Task objective: Your answer should repeat every record verbatim.

Supplied data:
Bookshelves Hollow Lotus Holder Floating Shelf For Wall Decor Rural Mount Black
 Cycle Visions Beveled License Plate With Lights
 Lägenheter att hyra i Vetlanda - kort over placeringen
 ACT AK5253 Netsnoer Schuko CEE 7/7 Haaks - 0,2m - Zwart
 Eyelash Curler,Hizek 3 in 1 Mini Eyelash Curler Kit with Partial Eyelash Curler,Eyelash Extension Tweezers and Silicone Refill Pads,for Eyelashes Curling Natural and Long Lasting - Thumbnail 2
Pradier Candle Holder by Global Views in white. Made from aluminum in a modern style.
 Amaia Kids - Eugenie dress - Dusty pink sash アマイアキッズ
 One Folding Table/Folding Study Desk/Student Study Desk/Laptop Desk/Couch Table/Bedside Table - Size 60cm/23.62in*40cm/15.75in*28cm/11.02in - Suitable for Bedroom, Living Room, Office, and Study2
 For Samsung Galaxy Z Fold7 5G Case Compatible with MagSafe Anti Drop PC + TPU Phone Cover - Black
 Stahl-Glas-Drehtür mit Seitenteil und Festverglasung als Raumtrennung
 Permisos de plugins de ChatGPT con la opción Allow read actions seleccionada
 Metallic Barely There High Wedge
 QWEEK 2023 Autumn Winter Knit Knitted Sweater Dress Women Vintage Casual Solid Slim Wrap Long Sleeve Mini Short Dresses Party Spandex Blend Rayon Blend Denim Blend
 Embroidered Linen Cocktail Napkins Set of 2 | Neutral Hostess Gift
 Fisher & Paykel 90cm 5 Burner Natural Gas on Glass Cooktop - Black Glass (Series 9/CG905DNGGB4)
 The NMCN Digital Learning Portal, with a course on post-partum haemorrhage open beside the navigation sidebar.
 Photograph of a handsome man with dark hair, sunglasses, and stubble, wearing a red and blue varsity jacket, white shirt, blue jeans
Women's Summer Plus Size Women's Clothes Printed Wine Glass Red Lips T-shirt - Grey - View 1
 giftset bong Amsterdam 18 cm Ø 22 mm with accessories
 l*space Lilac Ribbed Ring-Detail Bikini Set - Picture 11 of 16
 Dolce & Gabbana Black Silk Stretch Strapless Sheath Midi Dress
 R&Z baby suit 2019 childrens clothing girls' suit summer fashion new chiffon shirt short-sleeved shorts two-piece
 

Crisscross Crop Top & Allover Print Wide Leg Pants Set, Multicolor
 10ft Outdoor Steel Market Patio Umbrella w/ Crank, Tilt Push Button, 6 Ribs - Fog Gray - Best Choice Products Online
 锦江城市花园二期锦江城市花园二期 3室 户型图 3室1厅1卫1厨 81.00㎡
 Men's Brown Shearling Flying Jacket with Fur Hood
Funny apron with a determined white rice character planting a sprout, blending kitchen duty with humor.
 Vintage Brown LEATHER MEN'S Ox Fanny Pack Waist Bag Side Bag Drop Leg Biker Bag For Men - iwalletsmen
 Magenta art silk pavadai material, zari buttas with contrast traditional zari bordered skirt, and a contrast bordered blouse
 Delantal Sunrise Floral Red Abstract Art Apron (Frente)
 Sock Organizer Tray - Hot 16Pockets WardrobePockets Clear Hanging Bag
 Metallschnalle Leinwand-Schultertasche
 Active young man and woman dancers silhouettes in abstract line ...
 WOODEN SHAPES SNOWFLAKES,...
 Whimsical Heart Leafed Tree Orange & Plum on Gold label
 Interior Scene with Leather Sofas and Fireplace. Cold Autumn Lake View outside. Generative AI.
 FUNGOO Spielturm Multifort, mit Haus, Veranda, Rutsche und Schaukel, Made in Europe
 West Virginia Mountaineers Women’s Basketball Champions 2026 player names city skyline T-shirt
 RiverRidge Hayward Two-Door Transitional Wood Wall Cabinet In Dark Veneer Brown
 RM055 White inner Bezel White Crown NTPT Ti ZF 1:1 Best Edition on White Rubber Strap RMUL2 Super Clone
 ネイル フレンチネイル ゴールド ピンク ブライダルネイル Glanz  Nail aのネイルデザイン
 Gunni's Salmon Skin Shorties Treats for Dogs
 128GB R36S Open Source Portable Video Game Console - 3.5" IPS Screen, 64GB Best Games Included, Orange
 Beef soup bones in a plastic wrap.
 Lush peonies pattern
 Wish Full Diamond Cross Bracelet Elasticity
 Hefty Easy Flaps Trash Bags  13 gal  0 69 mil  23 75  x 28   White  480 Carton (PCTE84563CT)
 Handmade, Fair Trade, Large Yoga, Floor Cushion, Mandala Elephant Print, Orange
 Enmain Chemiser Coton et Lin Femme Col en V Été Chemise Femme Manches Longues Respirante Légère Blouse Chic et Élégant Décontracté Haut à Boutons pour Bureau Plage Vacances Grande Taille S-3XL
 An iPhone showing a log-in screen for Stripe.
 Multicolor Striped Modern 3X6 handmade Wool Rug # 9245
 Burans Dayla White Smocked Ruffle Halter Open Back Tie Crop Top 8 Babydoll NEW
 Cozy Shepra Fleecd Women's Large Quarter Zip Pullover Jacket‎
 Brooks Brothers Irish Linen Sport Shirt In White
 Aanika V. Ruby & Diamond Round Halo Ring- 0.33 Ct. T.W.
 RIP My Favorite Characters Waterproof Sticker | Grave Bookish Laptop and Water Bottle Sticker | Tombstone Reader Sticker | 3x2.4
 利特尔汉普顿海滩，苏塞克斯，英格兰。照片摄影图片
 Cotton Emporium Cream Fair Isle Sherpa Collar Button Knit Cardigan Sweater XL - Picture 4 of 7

Task solution:
Bookshelves Hollow Lotus Holder Floating Shelf For Wall Decor Rural Mount Black
 Cycle Visions Beveled License Plate With Lights
 Lägenheter att hyra i Vetlanda - kort over placeringen
 ACT AK5253 Netsnoer Schuko CEE 7/7 Haaks - 0,2m - Zwart
 Eyelash Curler,Hizek 3 in 1 Mini Eyelash Curler Kit with Partial Eyelash Curler,Eyelash Extension Tweezers and Silicone Refill Pads,for Eyelashes Curling Natural and Long Lasting - Thumbnail 2
Pradier Candle Holder by Global Views in white. Made from aluminum in a modern style.
 Amaia Kids - Eugenie dress - Dusty pink sash アマイアキッズ
 One Folding Table/Folding Study Desk/Student Study Desk/Laptop Desk/Couch Table/Bedside Table - Size 60cm/23.62in*40cm/15.75in*28cm/11.02in - Suitable for Bedroom, Living Room, Office, and Study2
 For Samsung Galaxy Z Fold7 5G Case Compatible with MagSafe Anti Drop PC + TPU Phone Cover - Black
 Stahl-Glas-Drehtür mit Seitenteil und Festverglasung als Raumtrennung
 Permisos de plugins de ChatGPT con la opción Allow read actions seleccionada
 Metallic Barely There High Wedge
 QWEEK 2023 Autumn Winter Knit Knitted Sweater Dress Women Vintage Casual Solid Slim Wrap Long Sleeve Mini Short Dresses Party Spandex Blend Rayon Blend Denim Blend
 Embroidered Linen Cocktail Napkins Set of 2 | Neutral Hostess Gift
 Fisher & Paykel 90cm 5 Burner Natural Gas on Glass Cooktop - Black Glass (Series 9/CG905DNGGB4)
 The NMCN Digital Learning Portal, with a course on post-partum haemorrhage open beside the navigation sidebar.
 Photograph of a handsome man with dark hair, sunglasses, and stubble, wearing a red and blue varsity jacket, white shirt, blue jeans
Women's Summer Plus Size Women's Clothes Printed Wine Glass Red Lips T-shirt - Grey - View 1
 giftset bong Amsterdam 18 cm Ø 22 mm with accessories
 l*space Lilac Ribbed Ring-Detail Bikini Set - Picture 11 of 16
 Dolce & Gabbana Black Silk Stretch Strapless Sheath Midi Dress
 R&Z baby suit 2019 childrens clothing girls' suit summer fashion new chiffon shirt short-sleeved shorts two-piece
 

Crisscross Crop Top & Allover Print Wide Leg Pants Set, Multicolor
 10ft Outdoor Steel Market Patio Umbrella w/ Crank, Tilt Push Button, 6 Ribs - Fog Gray - Best Choice Products Online
 锦江城市花园二期锦江城市花园二期 3室 户型图 3室1厅1卫1厨 81.00㎡
 Men's Brown Shearling Flying Jacket with Fur Hood
Funny apron with a determined white rice character planting a sprout, blending kitchen duty with humor.
 Vintage Brown LEATHER MEN'S Ox Fanny Pack Waist Bag Side Bag Drop Leg Biker Bag For Men - iwalletsmen
 Magenta art silk pavadai material, zari buttas with contrast traditional zari bordered skirt, and a contrast bordered blouse
 Delantal Sunrise Floral Red Abstract Art Apron (Frente)
 Sock Organizer Tray - Hot 16Pockets WardrobePockets Clear Hanging Bag
 Metallschnalle Leinwand-Schultertasche
 Active young man and woman dancers silhouettes in abstract line ...
 WOODEN SHAPES SNOWFLAKES,...
 Whimsical Heart Leafed Tree Orange & Plum on Gold label
 Interior Scene with Leather Sofas and Fireplace. Cold Autumn Lake View outside. Generative AI.
 FUNGOO Spielturm Multifort, mit Haus, Veranda, Rutsche und Schaukel, Made in Europe
 West Virginia Mountaineers Women’s Basketball Champions 2026 player names city skyline T-shirt
 RiverRidge Hayward Two-Door Transitional Wood Wall Cabinet In Dark Veneer Brown
 RM055 White inner Bezel White Crown NTPT Ti ZF 1:1 Best Edition on White Rubber Strap RMUL2 Super Clone
 ネイル フレンチネイル ゴールド ピンク ブライダルネイル Glanz  Nail aのネイルデザイン
 Gunni's Salmon Skin Shorties Treats for Dogs
 128GB R36S Open Source Portable Video Game Console - 3.5" IPS Screen, 64GB Best Games Included, Orange
 Beef soup bones in a plastic wrap.
 Lush peonies pattern
 Wish Full Diamond Cross Bracelet Elasticity
 Hefty Easy Flaps Trash Bags  13 gal  0 69 mil  23 75  x 28   White  480 Carton (PCTE84563CT)
 Handmade, Fair Trade, Large Yoga, Floor Cushion, Mandala Elephant Print, Orange
 Enmain Chemiser Coton et Lin Femme Col en V Été Chemise Femme Manches Longues Respirante Légère Blouse Chic et Élégant Décontracté Haut à Boutons pour Bureau Plage Vacances Grande Taille S-3XL
 An iPhone showing a log-in screen for Stripe.
 Multicolor Striped Modern 3X6 handmade Wool Rug # 9245
 Burans Dayla White Smocked Ruffle Halter Open Back Tie Crop Top 8 Babydoll NEW
 Cozy Shepra Fleecd Women's Large Quarter Zip Pullover Jacket‎
 Brooks Brothers Irish Linen Sport Shirt In White
 Aanika V. Ruby & Diamond Round Halo Ring- 0.33 Ct. T.W.
 RIP My Favorite Characters Waterproof Sticker | Grave Bookish Laptop and Water Bottle Sticker | Tombstone Reader Sticker | 3x2.4
 利特尔汉普顿海滩，苏塞克斯，英格兰。照片摄影图片
 Cotton Emporium Cream Fair Isle Sherpa Collar Button Knit Cardigan Sweater XL - Picture 4 of 7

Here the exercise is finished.